Чтобы поскорее закончить работу, пришлось бросить все и отправиться в Гульрипши, где рядом со стариками Гулия, он начал ладить себе небольшой домишко. Там, под шум волн, «работа пошла в хвост и гриву», как он написал Фадееву, который был в курсе и задания, и напоминания.
В конечном счете получилось вроде неплохо. И название пришло в голову удачное — «Чужая тень». И все-таки, сочинив пьесу и отослав ее, как ему было велено, Александрову, он решил, что специально интересоваться ее судьбой не будет. Как решат, так и решат.
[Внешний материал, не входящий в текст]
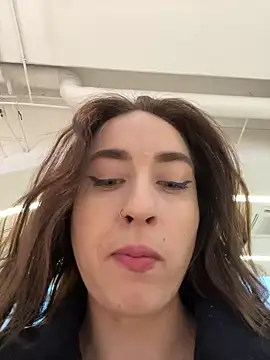 Holly Play online show from December 5, 9:17 am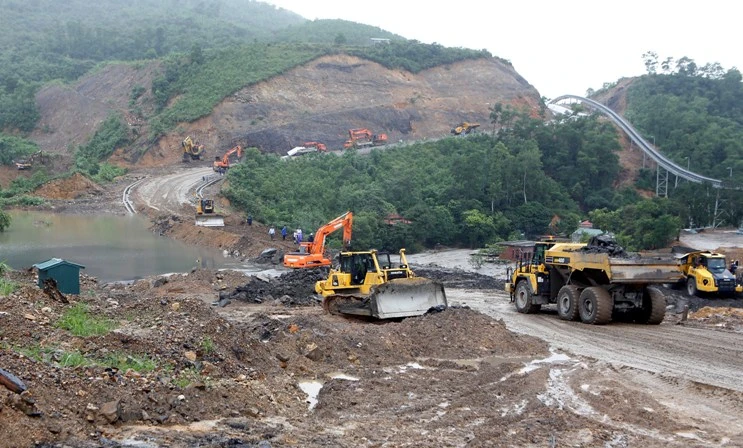 VNPT VinaPhone sát cánh cùng bà con chống lũ ảnh 1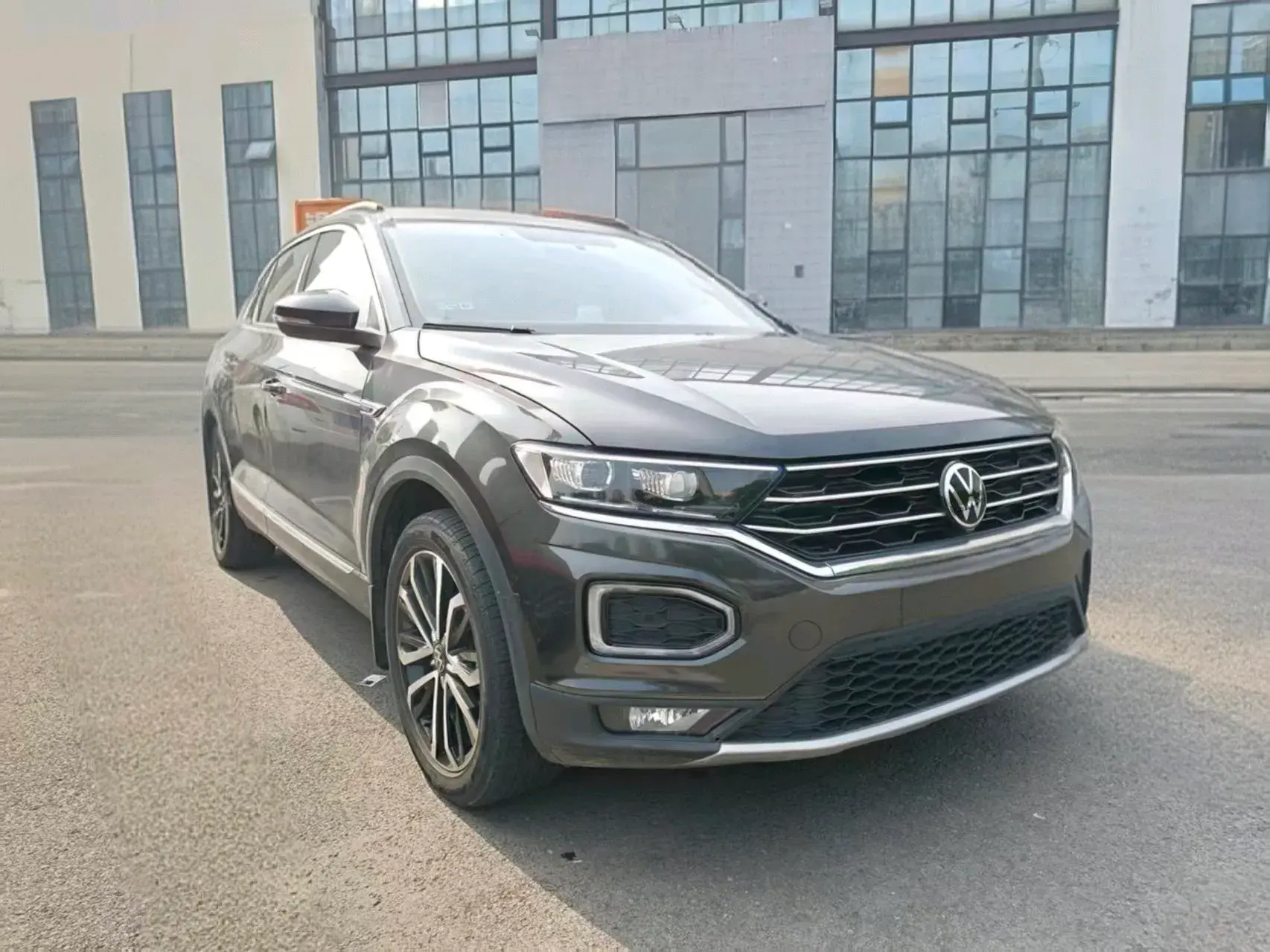 2022 VOLKSWAGEN T-ROC thumbnail 3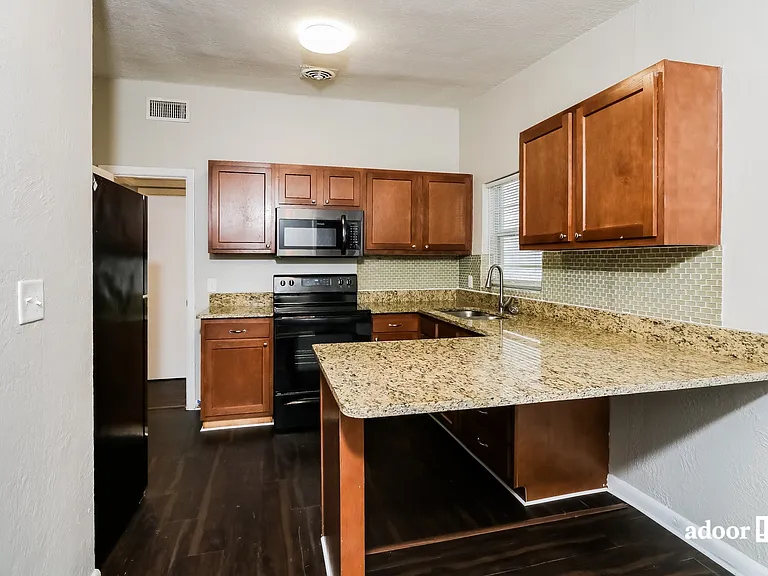 3215 Seine Dr — Photo 4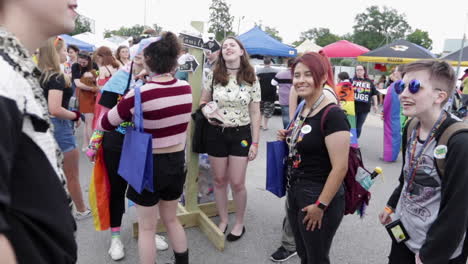 Die-Leute-Hängen-Beim-Jährlichen-Midmo-Pride-Festival-Herum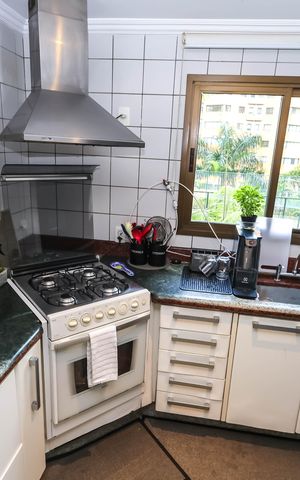 Apartamento à venda com 110m², 3 quartos e 2 vagasCozinha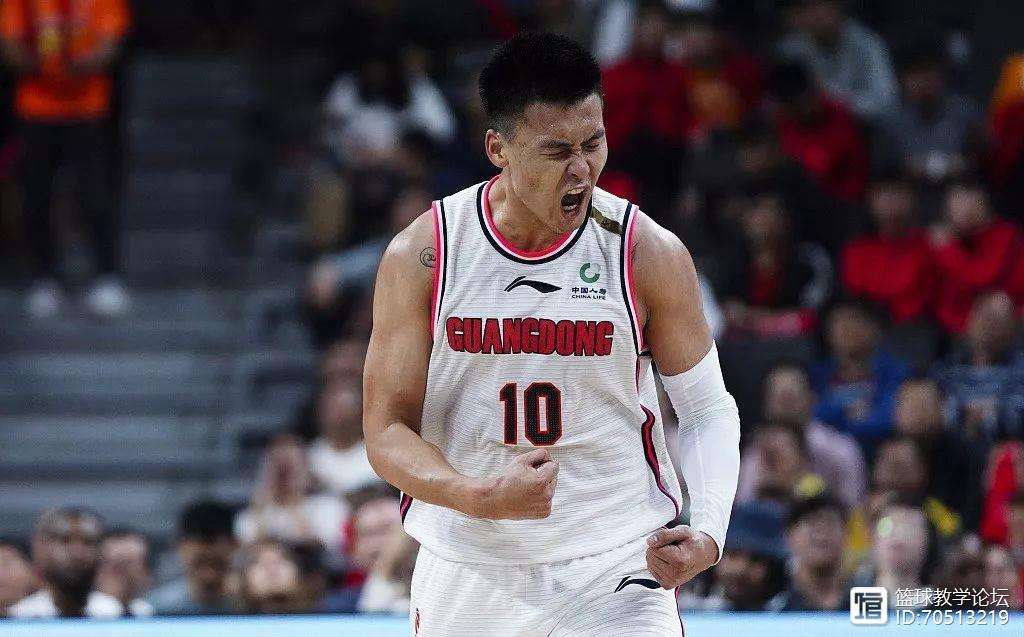 赛前山东泰山防线松动——荷甲节点到来，球迷炸锅，团队化学反应显著的简单介绍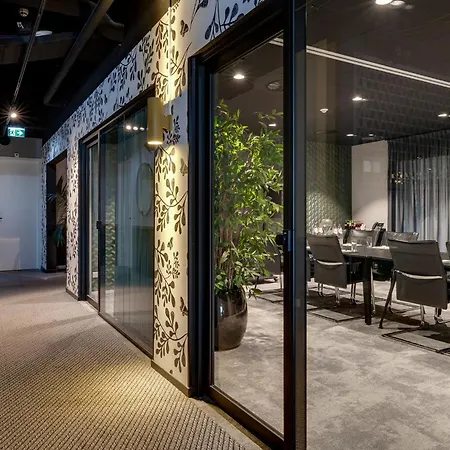 ibis Styles Amsterdam Airport-2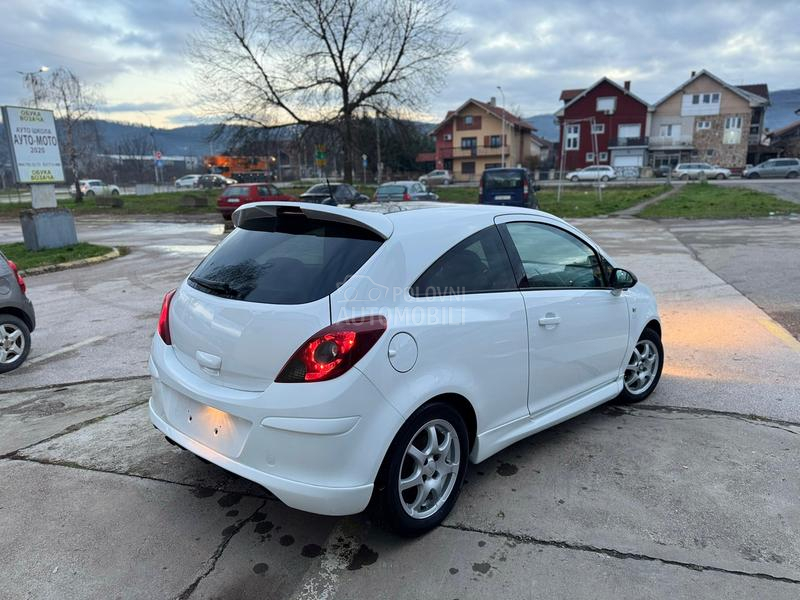 Opel Corsa D 1.4i OPC Line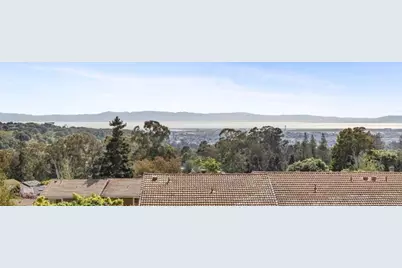 61 Thousand Oaks St, Oakland, CA 94605 - Photo 33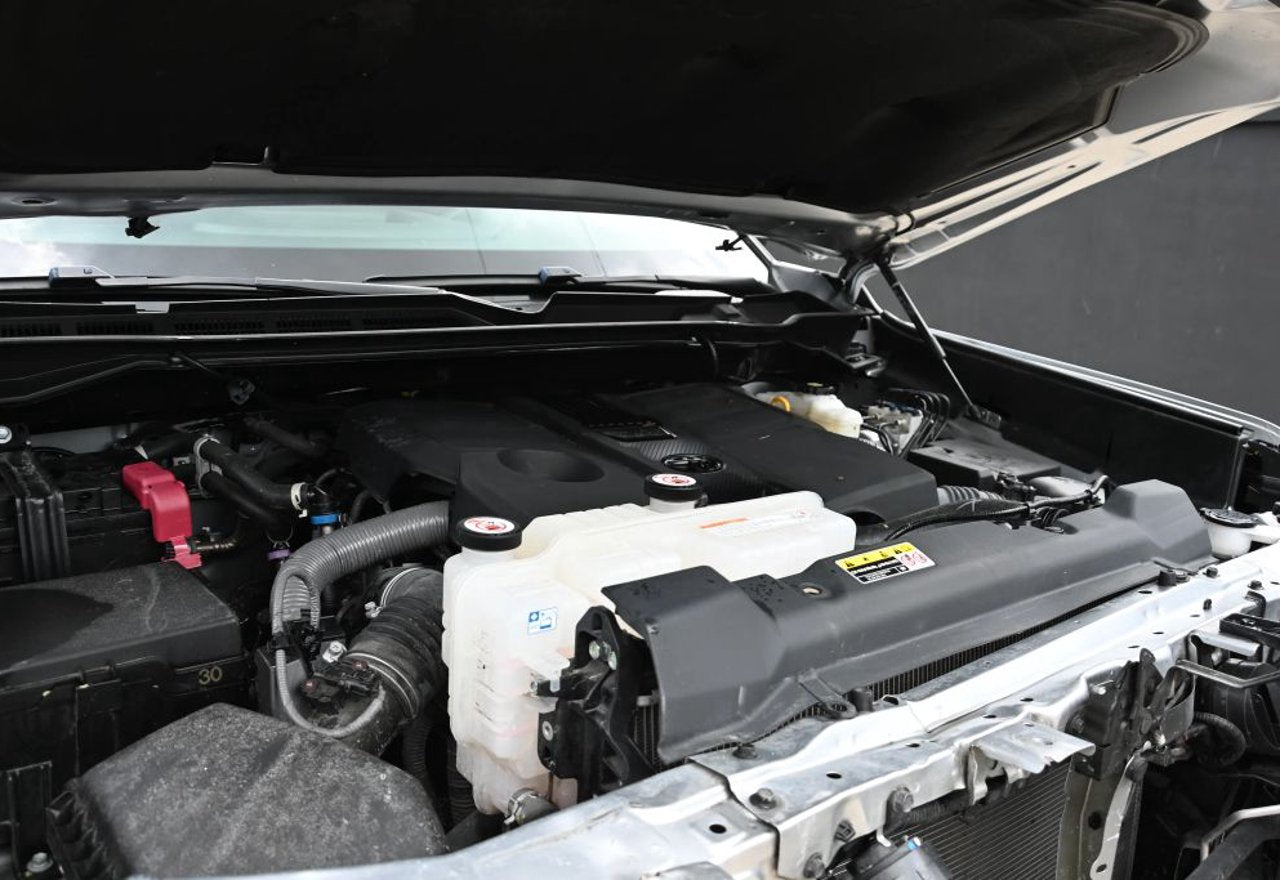 2025 Toyota Tundra SR5 - 5TFLA5AB5SX045131 photo 33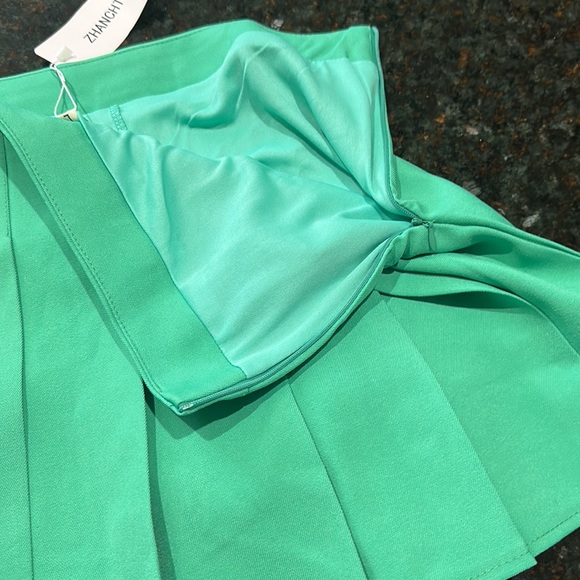 New Green large Skort - Picture 4 of 4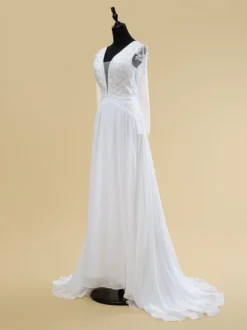 Robe de mariée bohème simple en dentelle col en V manches longues fermeture éclair dans le dos traîne courte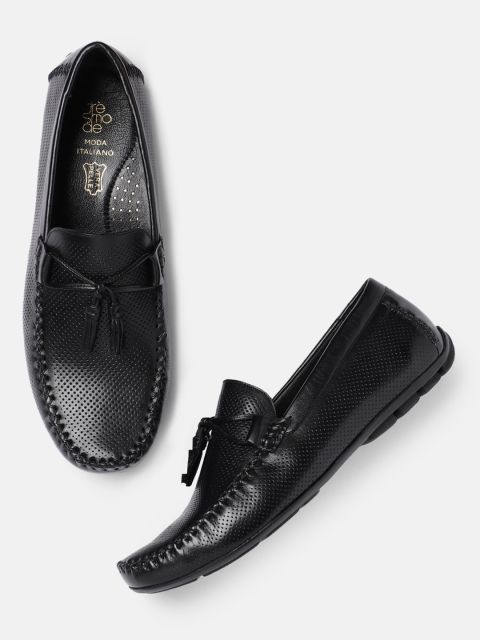 

Tresmode Men Black Textured Loafers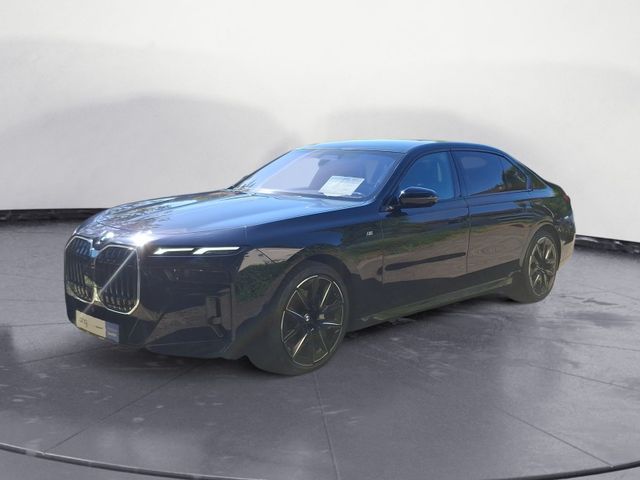 BMW 740d xDrive M SPORT Iconic Glow Sky Lounge Drivi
Александров меж тем о пьесе не упоминал, и Константин Михайлович уж было решил, не очень о том горюя, что дело вообще списано в архив. К тому времени он узнал, что над прототипами его героев состоялся суд. Парину дали двадцать лет. Как ни осуждал он их поступок, наказание ошеломило чрезмерностью. К счастью, герои его пьесы, если не считать самой фабулы, не имели даже отдаленно внешнего сходства с осужденными учеными. Да и откуда ему взяться, если он их не знал, не видел и принципиально не интересовался никакими бытовыми деталями.
Очередной звонок Поскребышева раздался через полгода, в конце сентября 1948-го — почти через месяц после смерти Жданова. Как он узнал позднее, экземпляр пьесы непонятным образом застрял у Андрея Александровича.